Please let me know if this is a duplicate. I couldn't find any related questions so far.
In my class, we often find the branch cut of $f(z) = z^k$ by equating the function to $f(z) = e^{Log(z^k)} = e^{kLog(z)}$.
An example can be seen here (prof's note):
However, we cannot say ${Log(z^k)} = {kLog(z)}$ (for example, take $Log_\pi ((-1)^2)$).
I've been trying to prove the equation $e^{Log_*(z^k)} = e^{kLog_*(z)} $ or to find the condition under which it holds.
Following is my unsuccessful proof so far:
Let $z = re^{i\theta}, r\in \mathbb{R}/\mathbb{R^-}, \theta \in \mathbb{R}$.
Hence, $z^k = r^ke^{ik\theta}$
$Log_\pi (z^k) = \ln|r^ke^{ik\theta}| + iArg_\pi(r^ke^{ik\theta})$
$kLog_\pi (z) = k\left(\ln|re^{i\theta}| + iArg_\pi(re^{i\theta})\right) =k\ln (r) + ikArg_\pi(re^{i\theta}) $
Rasing $e$ to each power:
$e^{Log_\pi (z^k)} = e^{\ln|r^ke^{ik\theta}| + iArg_\pi(r^ke^{ik\theta})} = |r^ke^{ik\theta}|\cdot e^{iArg_\pi(r^ke^{ik\theta})}$
$e^{kLog_\pi (z)} = e^{k\ln (r) + ikArg_\pi(re^{i\theta})} = r^k \cdot e^{ikArg_\pi(re^{i\theta})} =r^k \cdot e^{ik\theta'}$ where $\theta + 2\pi n =\theta'\in(\pi, 3\pi], n\in \mathbb{Z}$
I don't know how to go from here. Can somebody please help?
Or can you just tell me under what condition the equation in title holds?
Edit: I asked my prof the same and his reply was:
This is almost never true.
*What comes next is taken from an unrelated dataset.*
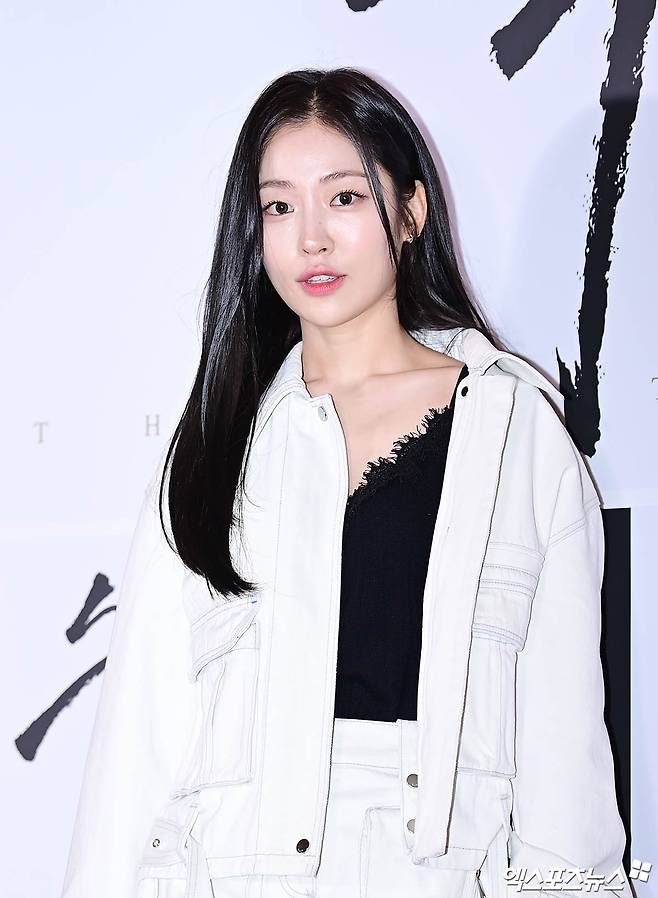 배우 송지우는 오는 8일 잠실구장에서 열릴 두산과 한화의 '2025 신한 SOL Bank KBO 리그' 주중 3연전 첫 경기에서 승리기원 시구를 진행한다. 엑스포츠뉴스 DB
It is true only if $k$ is an integer and you use $log$ instead of $Log$. It is also true that the functions $αLog(z)$ and $Log(zα)$ differ by a constant.
But how did he conclude $(-i)^{i-1} = e^{(i-1)Log(-1)}$ like in his note above?
We often define the complex exponential [subject to the choice of branch, and using your collection of branches,] by $$z^w := \exp(w\operatorname{Log}_bz)$$ and as the definition of $\operatorname{Log}_b$, we also always have $z = \exp(\operatorname{Log}_bz)$. When you put those two properties together, you have for any complex $z,w$ (with $z$ nonzero), $$\exp(w\operatorname{Log}_bz) := z^w = \exp(\operatorname{Log}_b(z^w)).$$
When $w$ is an integer, this will be consistent with the algebraic definition since a integral multiple of an integral multiple of $2\pi$ will be an integral multiple of $2\pi$.
When $z>0$ and $w$ are real, then you need to choose the principal branch to find a consistent result to real exponentiation.
With the above definition in mind, the equation in your professor's notes, $$(-i)^{i-1} = e^{(i-1)\operatorname{Log}_b(-i)},$$ is just a trivial application of the definition of complex exponentiation.